Because Indian reserves are an important part of the ACLS's jurisdiction (there are over 630 Indian reserves in Canada), the relationship the ACLS has with the aboriginal community is crucial. We have shown leadership in this area by helping the National Aboriginal Land Managers Association (NALMA) to set up its certification program for aboriginal land managers. The ACLS and NALMA are now working together to investigate the possibility of establishing survey-related course content and develop training-delivery approaches that will meet the needs of the Aboriginal communities across the country, including isolated and/or remote communities. The ACLS has also established working relationships with the Assembly of First Nations and the First Nations Land Advisory Board.
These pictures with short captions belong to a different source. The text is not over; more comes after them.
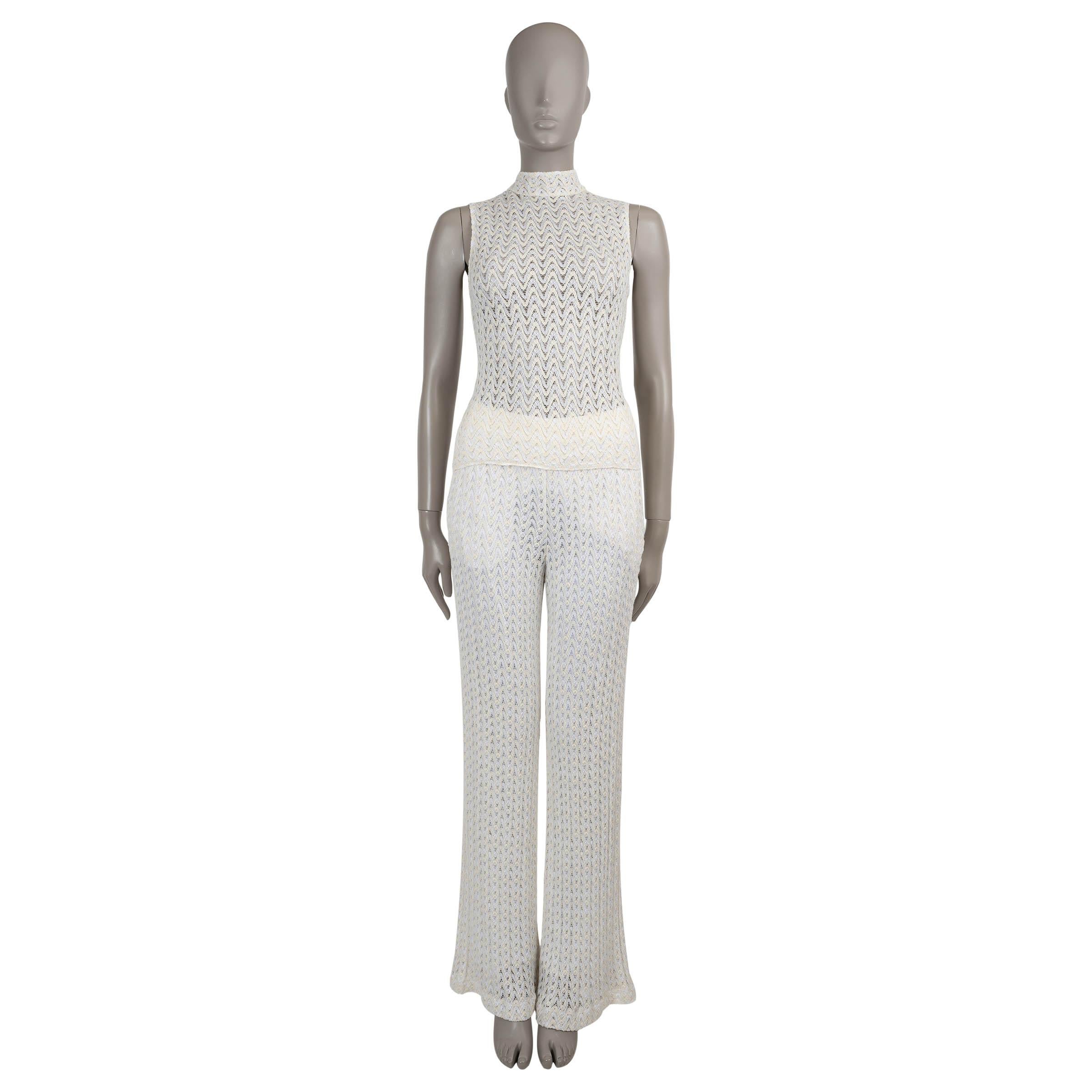 Pantalon MISSONI MARE en viscose crème 2023 WIDE CROCHET Knit 42 M en vente 2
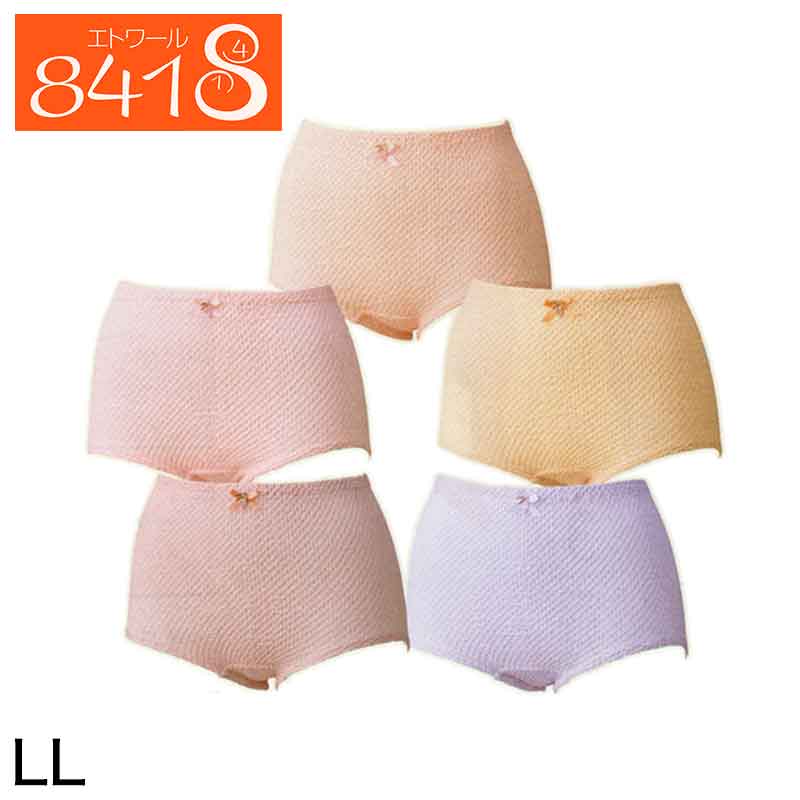 エトワール841 鹿の子編み ショーツ レディース 5枚セット 綿 LL 女性 下着 パンツ 日本製 伸縮性 柔らかい コットン 肌着 インナー 敏感肌 大きいサイズ 5枚組 5,310円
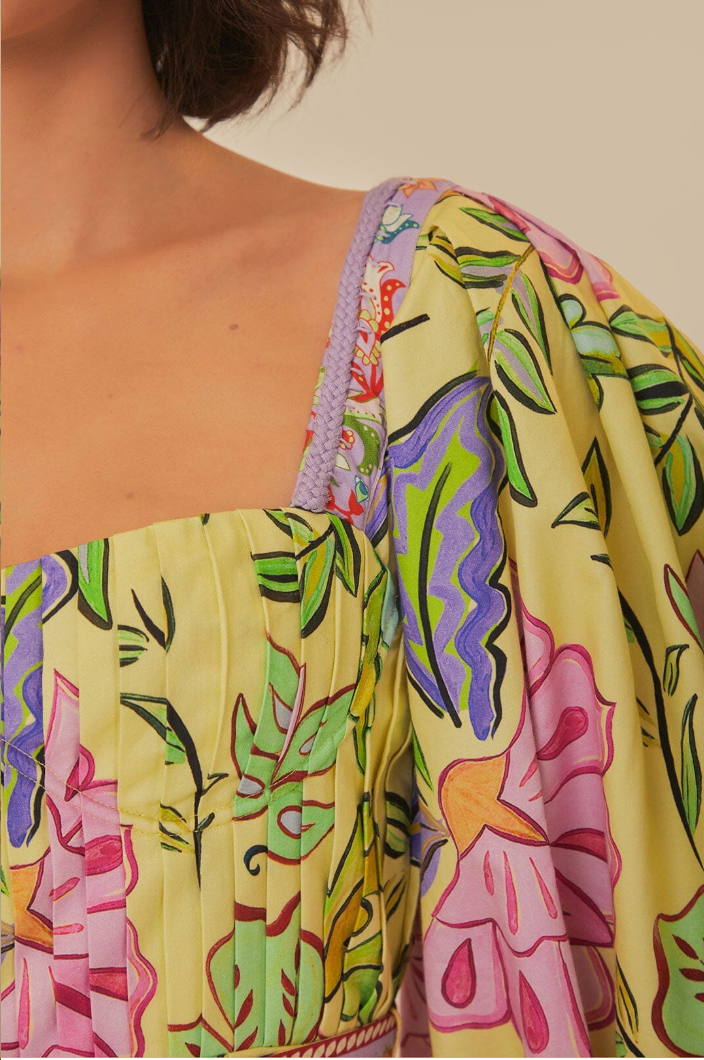 Yellow Floral Insects Short Dress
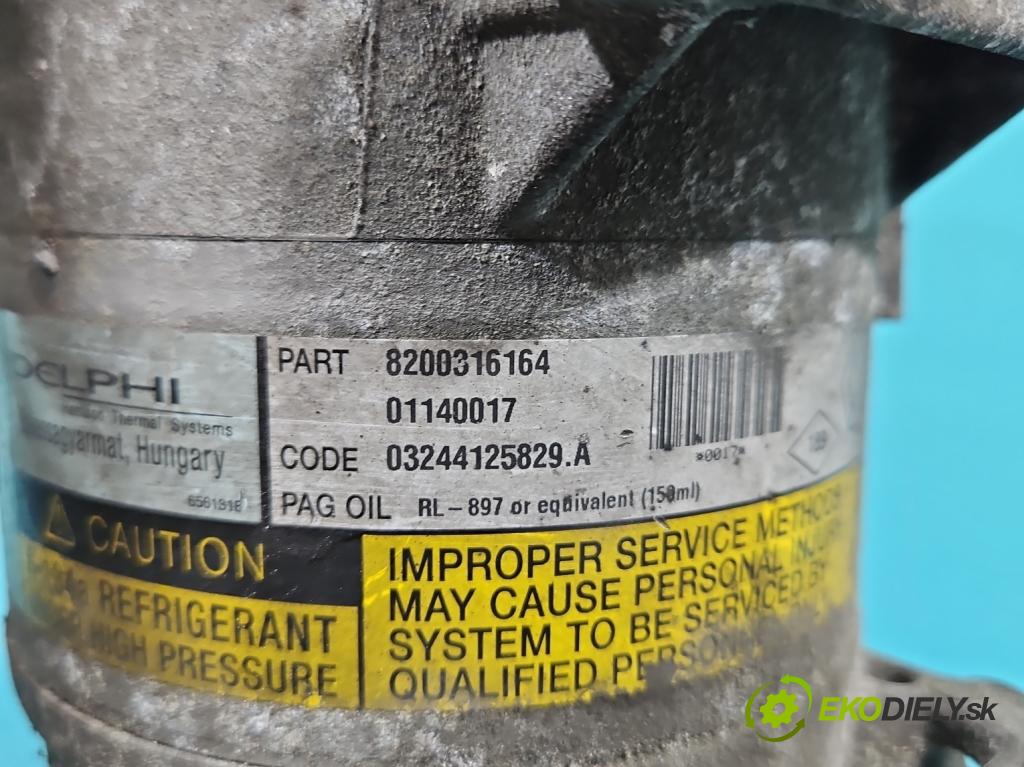 Renault Megane II 2003-2008 1.6 16v 113 HP automatic 83 kW 1598 cm3 5- Kompresor: klimatizácie 8200316164 (Kompresor klimatizácie)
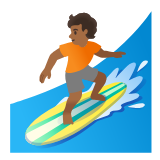 Google(Android) Person Surfing: Medium-Dark Skin Tone Emoji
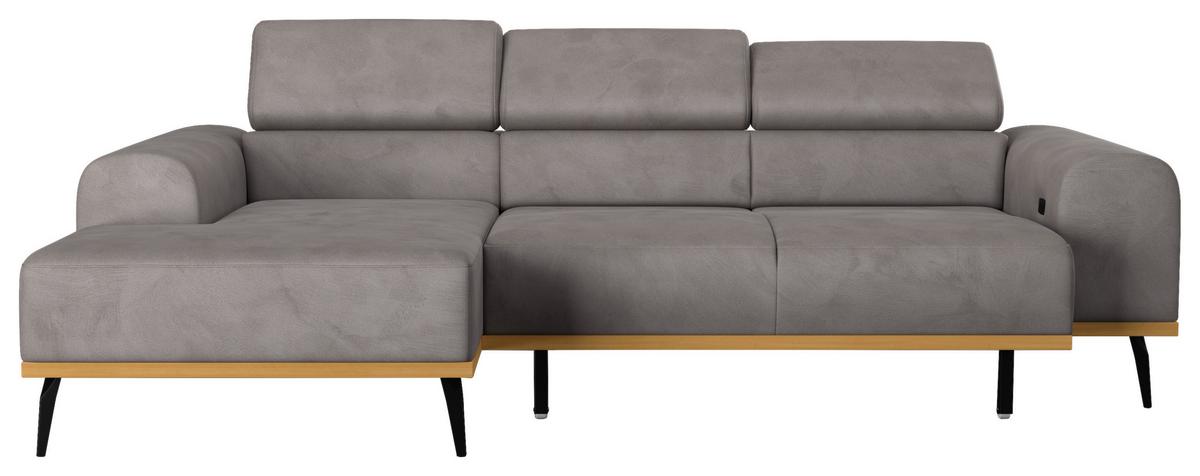 Ecksofa Grau Mit Sitzvorzug S: 157x244 Cm - Schwarz/Grau, KONVENTIONELL, Textil (157/244cm) - Cotta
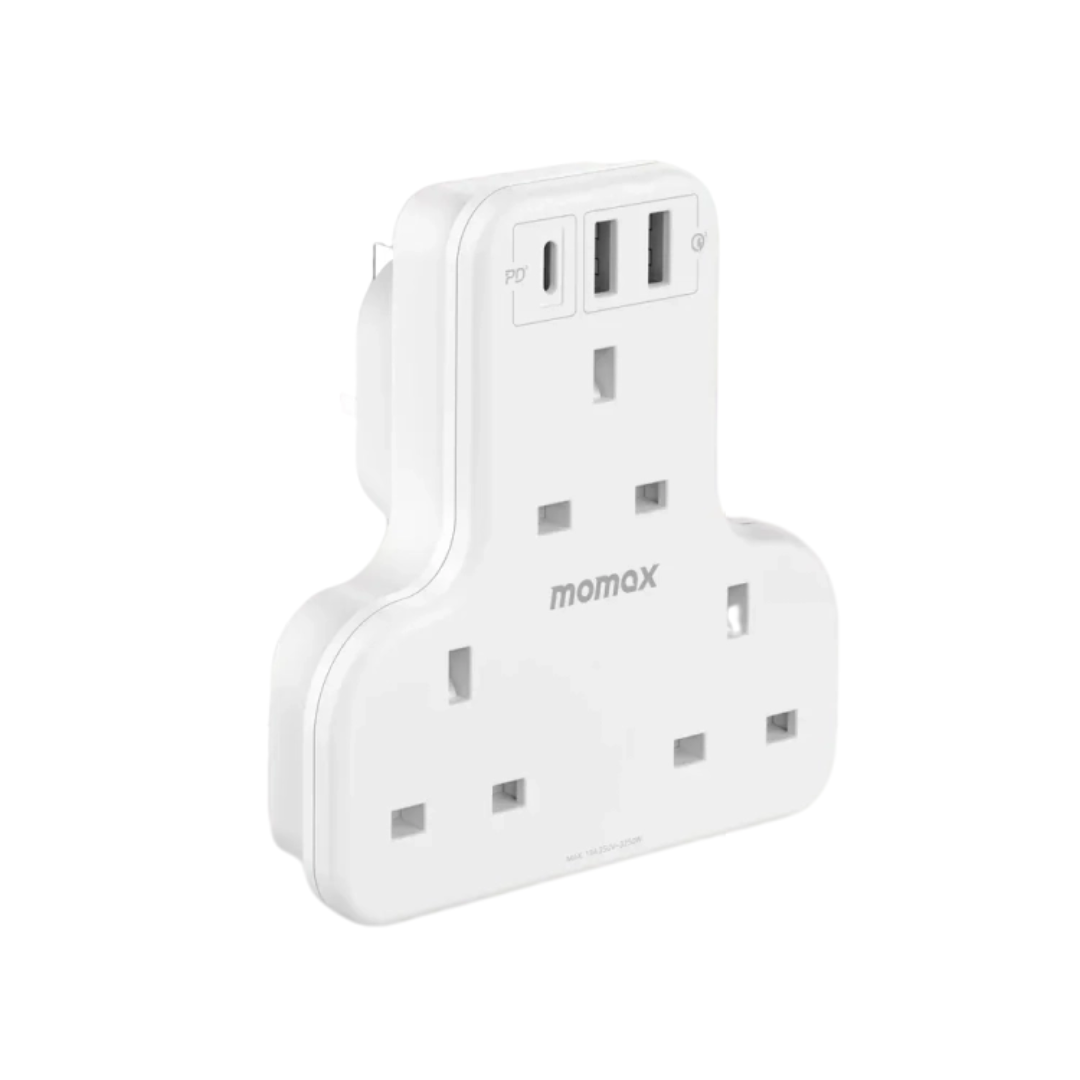 Momax Oneplug 3 Outlet T-Shaped Extension Socket with USB White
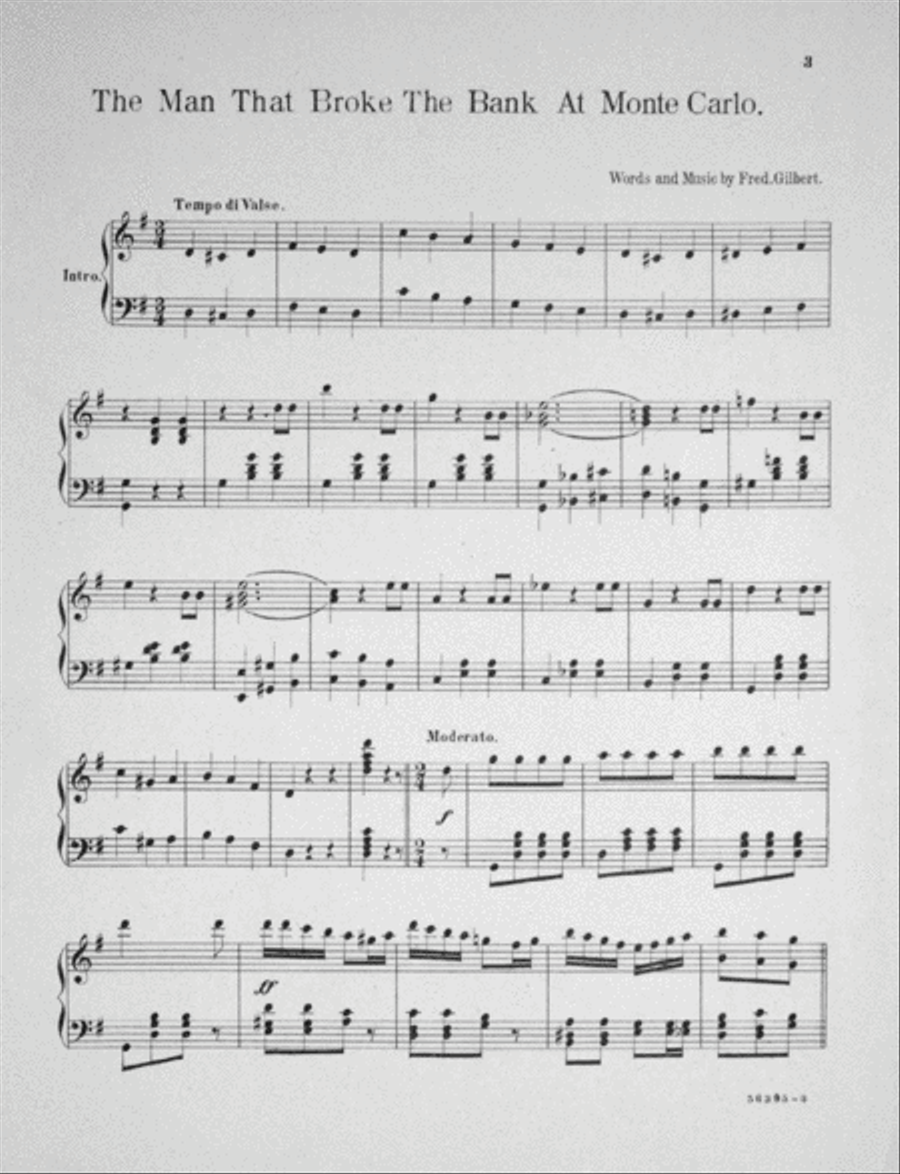 The Man That Broke the Bank at Monte Carlo Voice scores gallery preview page 2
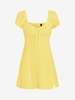 ZAFUL Mini Robe Fendue à Manches Bouffantes avec Nœud Papillon S Jaune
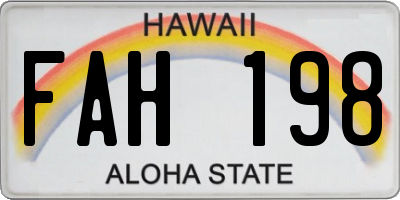 HI license plate FAH198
The survey industry is thriving in Canada but it faces a serious challenge: a shortage of professional surveyors and technologists. This situation is likely to get worse. Most surveying associations, including the ACLS, are taking steps to attract more students to the profession. Despite its relatively young age, in its present form (its predecessors date back to 1874) the ACLS has taken large steps in the professional world and has maintained its place as a leader in the geomatics sector.
About the Author
Marie Robidoux, CLS, LL.M. is the Association of Canada Lands Surveyors' first female president. She has a law degree from Laval University, a survey technology diploma from the Northern Alberta Institute of Technology and a Master of Laws in Information Technology from the Robert Kennedy University in Switzerland. She obtained her Canada Lands Surveyor Commission in 1993. Marie is responsible for Aboriginal and northern projects as well as business development in northern Canada for Challenger Geomatics Ltd. She has been involved with the ACLS for years, serving on several committees as well as serving as a council member.